Burning the Dross




There is a  burning bowl service at Unity North Atlanta New Year's Eve every year. This year it fell on a Sunday thus it was during the regular service. A large part of the service was the burning bowl. This is a ceremony where all participants write the life conditions they which to release from their experience on a piece of onion paper and burn it at the front of the church. That morning I awoke with a memory which I have for a long time. It is always tinged with regret. The regret was for not having the courage to stand up for what I wanted at the time.

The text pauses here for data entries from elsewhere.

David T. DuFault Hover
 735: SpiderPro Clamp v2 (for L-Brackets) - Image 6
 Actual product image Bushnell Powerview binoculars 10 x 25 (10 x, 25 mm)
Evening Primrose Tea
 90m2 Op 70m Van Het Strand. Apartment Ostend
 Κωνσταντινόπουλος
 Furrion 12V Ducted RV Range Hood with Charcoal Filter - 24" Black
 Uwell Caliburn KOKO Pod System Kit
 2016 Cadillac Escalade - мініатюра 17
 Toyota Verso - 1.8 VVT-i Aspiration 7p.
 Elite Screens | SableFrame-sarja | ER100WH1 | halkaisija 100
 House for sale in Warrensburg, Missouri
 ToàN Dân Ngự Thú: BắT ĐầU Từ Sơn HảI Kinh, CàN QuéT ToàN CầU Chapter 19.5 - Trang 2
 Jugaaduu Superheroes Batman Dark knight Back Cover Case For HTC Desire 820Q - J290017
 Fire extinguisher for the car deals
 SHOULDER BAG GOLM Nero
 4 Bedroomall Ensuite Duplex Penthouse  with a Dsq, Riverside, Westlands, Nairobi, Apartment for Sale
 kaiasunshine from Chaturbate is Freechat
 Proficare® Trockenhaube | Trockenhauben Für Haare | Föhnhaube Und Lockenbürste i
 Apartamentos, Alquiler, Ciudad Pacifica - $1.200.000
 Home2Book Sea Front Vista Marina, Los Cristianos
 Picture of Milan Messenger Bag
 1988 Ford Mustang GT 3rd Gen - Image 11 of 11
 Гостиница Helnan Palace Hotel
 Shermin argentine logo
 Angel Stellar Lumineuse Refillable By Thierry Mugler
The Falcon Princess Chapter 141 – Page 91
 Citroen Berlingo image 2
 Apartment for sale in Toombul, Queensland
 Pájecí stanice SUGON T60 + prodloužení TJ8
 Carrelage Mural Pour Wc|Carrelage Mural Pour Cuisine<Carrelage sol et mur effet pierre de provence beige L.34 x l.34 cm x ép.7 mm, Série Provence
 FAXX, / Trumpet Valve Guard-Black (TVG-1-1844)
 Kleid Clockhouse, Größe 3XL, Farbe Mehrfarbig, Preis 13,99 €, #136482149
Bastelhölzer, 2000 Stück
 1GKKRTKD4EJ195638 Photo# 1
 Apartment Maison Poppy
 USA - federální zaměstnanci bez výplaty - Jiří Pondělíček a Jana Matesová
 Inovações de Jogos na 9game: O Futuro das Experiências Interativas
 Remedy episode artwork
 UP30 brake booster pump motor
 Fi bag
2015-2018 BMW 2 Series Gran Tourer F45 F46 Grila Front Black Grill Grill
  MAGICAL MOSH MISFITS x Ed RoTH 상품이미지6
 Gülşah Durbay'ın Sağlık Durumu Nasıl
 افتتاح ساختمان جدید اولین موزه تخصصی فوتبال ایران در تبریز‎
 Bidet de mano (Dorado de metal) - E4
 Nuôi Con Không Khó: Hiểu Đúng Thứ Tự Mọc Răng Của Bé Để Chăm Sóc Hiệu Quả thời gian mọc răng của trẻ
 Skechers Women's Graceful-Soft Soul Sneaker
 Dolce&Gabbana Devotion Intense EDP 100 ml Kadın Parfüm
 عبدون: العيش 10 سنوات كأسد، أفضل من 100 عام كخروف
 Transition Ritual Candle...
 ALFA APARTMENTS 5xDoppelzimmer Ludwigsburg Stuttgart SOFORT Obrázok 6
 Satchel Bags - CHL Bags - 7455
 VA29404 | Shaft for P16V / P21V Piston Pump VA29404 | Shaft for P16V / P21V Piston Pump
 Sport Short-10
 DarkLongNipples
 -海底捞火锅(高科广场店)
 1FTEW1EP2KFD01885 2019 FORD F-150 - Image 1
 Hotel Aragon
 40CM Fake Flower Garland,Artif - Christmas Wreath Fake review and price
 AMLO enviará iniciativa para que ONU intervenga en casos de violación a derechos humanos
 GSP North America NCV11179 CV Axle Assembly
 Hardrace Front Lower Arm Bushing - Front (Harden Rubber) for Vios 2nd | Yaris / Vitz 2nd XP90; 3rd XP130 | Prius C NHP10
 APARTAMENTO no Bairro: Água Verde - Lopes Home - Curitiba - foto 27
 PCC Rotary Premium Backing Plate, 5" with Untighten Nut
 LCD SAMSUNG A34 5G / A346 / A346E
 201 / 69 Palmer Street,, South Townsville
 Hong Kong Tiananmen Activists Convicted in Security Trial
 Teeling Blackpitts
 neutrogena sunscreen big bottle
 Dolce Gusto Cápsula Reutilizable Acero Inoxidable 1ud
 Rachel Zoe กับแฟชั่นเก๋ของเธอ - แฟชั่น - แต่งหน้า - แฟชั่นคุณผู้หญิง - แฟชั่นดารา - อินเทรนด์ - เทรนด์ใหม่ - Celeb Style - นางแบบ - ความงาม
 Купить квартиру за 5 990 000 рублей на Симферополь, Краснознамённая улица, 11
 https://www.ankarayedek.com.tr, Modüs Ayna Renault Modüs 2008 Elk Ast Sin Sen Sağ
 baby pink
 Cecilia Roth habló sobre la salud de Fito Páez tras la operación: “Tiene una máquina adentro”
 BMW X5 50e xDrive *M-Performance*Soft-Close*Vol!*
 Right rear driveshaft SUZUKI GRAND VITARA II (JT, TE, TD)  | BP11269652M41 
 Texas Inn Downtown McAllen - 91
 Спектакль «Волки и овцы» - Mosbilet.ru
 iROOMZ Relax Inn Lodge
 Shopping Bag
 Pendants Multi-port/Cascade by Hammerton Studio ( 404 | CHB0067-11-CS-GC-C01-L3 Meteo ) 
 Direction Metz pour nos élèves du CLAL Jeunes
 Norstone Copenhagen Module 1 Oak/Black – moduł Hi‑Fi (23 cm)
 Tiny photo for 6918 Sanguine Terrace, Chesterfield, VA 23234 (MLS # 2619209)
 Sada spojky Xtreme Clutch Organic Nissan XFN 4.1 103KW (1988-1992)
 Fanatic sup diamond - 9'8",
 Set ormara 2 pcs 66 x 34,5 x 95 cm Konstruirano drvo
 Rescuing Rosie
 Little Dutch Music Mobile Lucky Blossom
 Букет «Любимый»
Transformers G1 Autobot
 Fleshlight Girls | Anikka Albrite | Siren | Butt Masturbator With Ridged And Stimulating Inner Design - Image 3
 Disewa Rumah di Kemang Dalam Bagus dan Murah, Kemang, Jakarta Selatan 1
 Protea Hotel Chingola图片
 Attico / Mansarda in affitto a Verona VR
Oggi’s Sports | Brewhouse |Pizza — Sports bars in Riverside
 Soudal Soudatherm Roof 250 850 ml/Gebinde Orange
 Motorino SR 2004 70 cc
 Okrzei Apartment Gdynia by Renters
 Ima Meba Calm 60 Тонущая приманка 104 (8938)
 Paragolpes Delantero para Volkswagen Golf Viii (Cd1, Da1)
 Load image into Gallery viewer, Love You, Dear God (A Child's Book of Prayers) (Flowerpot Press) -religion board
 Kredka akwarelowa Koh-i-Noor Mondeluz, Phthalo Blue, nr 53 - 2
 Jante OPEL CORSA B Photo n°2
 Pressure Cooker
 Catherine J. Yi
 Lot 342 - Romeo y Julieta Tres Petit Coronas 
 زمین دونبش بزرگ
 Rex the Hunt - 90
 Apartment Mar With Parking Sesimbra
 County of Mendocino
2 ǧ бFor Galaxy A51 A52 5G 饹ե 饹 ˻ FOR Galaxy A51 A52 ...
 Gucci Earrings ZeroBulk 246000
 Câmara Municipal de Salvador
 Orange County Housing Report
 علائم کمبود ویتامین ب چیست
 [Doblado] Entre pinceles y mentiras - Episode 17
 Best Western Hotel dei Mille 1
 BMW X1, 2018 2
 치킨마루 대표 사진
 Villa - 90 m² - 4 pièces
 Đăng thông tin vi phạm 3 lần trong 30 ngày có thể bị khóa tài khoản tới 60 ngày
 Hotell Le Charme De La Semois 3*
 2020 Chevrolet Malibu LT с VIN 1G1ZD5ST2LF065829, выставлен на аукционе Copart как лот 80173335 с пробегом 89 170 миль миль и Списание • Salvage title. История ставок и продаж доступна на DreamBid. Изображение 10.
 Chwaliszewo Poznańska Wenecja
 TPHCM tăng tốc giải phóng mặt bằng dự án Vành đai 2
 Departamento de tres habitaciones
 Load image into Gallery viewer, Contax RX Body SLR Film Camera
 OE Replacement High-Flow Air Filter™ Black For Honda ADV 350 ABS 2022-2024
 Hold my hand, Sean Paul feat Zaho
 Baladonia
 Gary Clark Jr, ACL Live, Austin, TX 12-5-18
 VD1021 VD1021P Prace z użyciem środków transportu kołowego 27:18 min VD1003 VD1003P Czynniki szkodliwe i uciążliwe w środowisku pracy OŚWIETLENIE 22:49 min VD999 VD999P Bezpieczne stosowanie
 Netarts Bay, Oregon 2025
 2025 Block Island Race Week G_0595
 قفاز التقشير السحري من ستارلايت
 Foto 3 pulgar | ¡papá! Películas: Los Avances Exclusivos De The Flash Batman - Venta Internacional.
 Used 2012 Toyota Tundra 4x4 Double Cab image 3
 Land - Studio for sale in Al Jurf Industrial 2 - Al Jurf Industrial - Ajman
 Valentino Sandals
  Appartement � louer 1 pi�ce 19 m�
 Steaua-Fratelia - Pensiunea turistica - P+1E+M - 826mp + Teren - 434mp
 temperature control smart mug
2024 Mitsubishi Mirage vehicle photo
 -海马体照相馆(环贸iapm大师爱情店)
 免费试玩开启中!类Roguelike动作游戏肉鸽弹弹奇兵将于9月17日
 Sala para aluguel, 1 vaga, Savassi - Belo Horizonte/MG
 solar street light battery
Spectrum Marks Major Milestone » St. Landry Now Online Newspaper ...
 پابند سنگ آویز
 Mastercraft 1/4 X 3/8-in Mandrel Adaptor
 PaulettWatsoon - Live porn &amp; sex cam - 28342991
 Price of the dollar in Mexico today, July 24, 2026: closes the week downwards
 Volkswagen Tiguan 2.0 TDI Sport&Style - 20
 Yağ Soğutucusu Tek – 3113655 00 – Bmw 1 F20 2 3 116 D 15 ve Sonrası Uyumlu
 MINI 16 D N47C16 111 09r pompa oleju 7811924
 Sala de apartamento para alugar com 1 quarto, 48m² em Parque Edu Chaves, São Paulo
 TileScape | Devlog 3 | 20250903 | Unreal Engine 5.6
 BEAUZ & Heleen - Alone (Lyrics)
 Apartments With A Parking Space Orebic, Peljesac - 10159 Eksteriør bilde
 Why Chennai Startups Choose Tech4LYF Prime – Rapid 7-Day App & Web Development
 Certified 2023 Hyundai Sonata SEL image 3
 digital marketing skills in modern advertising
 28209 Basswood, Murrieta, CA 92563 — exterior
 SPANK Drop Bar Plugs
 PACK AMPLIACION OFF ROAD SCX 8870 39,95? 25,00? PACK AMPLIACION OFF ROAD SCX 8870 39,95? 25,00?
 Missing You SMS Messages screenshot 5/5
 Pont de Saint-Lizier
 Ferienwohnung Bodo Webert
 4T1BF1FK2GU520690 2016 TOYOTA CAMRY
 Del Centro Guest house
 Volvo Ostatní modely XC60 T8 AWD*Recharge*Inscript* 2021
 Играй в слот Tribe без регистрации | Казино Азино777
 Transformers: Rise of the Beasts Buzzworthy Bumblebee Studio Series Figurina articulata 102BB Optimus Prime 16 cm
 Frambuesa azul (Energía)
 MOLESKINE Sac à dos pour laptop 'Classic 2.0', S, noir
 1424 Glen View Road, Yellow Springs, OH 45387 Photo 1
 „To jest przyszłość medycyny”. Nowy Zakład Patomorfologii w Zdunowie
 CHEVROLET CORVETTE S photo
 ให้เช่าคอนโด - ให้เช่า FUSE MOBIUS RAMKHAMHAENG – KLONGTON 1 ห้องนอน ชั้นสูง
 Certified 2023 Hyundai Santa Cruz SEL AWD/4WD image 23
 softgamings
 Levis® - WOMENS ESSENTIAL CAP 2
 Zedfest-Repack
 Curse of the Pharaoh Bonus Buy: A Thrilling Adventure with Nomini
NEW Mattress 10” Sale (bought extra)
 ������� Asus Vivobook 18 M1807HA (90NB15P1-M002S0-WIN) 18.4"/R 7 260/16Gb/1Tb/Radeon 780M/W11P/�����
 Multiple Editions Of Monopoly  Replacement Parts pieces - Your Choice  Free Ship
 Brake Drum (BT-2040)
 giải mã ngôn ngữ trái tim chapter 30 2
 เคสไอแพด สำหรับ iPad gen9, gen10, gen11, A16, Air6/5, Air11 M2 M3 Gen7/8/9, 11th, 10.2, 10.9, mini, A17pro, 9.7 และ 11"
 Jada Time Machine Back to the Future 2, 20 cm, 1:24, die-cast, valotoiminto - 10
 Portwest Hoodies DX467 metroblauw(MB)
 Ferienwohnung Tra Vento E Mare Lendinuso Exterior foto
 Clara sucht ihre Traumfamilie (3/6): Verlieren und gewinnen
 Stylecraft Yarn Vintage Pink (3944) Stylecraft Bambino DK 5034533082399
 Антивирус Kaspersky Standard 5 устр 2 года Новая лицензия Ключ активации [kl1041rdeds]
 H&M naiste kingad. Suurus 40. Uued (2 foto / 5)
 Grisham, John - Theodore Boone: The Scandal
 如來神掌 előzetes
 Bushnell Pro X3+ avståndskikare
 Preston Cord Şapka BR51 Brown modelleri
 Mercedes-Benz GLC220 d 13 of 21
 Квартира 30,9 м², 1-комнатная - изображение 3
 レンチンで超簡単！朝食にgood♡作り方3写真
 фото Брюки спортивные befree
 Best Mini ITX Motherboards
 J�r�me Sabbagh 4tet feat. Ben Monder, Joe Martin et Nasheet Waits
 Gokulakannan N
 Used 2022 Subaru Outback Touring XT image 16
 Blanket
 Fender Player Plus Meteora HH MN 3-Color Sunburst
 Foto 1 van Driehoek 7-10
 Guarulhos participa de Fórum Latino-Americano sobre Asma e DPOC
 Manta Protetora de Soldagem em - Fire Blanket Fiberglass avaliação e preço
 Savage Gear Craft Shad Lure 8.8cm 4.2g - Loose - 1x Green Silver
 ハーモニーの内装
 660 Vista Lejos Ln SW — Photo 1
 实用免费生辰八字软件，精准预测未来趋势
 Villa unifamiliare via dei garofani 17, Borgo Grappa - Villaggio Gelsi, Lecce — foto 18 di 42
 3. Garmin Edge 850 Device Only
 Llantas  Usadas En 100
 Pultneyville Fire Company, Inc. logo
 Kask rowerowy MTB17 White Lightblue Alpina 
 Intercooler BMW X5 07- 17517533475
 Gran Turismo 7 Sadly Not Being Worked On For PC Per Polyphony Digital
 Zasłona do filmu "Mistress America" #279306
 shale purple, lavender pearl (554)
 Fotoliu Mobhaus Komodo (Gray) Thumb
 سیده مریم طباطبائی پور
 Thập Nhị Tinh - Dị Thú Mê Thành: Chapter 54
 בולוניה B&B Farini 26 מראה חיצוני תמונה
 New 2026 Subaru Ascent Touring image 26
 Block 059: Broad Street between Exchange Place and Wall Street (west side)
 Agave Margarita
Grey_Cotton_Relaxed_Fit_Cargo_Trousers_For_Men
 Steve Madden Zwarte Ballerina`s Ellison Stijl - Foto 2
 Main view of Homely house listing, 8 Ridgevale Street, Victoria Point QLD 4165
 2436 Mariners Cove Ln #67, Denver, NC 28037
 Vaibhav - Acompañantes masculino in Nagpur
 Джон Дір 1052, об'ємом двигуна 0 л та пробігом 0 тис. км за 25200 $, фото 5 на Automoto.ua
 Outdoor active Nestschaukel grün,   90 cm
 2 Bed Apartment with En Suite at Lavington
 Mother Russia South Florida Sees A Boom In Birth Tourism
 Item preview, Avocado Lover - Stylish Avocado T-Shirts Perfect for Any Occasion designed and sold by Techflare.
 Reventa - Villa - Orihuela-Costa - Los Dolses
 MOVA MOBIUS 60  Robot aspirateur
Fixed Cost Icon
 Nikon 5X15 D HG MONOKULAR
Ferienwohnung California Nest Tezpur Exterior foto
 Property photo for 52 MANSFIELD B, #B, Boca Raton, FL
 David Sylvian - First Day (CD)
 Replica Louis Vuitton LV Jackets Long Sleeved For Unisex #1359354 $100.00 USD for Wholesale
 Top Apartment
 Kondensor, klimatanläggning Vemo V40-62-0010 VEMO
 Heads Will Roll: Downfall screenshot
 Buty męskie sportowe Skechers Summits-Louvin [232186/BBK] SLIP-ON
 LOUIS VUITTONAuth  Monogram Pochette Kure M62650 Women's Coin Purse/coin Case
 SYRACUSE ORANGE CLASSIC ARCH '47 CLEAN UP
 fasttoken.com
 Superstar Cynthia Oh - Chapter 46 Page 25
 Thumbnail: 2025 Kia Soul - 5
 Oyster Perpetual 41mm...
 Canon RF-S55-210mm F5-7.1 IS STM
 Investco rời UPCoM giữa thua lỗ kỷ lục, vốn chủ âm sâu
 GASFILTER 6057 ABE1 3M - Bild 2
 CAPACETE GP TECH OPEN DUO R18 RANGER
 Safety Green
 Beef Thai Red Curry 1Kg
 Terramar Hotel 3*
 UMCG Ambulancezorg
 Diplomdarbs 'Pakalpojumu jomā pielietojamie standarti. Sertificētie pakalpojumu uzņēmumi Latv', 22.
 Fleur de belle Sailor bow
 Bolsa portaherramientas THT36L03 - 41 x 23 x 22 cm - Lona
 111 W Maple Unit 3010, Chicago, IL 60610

Here’s what happened. I was dating this fine young man, I was young myself. But there were social pressures on the relationship and we agreed to end it. Ha was so loving and kind and caring and never forgot my birthday. On this particular birthday he came by my apartment with flowers like he always did. My brother was taking me and his girlfriend to dinner for my birthday. I was walking out with the flowers in my arms and John that is his name, when my brother rolled up. We were on opposite sides of the street. My brother did not approve of the relationship. He blew the horn loudly several times and both he and his girlfriend started yelling at me to come on and leave John. I sheepishly said I have to go and crossed the street, entered the van. I did not look back for fear of what I would see on the corner. That ended whatever shred of a relationship I had with John. 

Whenever I think of that moment there is always regret for what could have been. In the burning bowl I placed the regret and sadness that remained of that moment. I took the opportunity to forgive myself for not being strong in that moment. I accepted all the actors for doing the best we knew how to do. And I accepted that John had to leave. 

I think of that moment now and the regret is gone. I am grateful.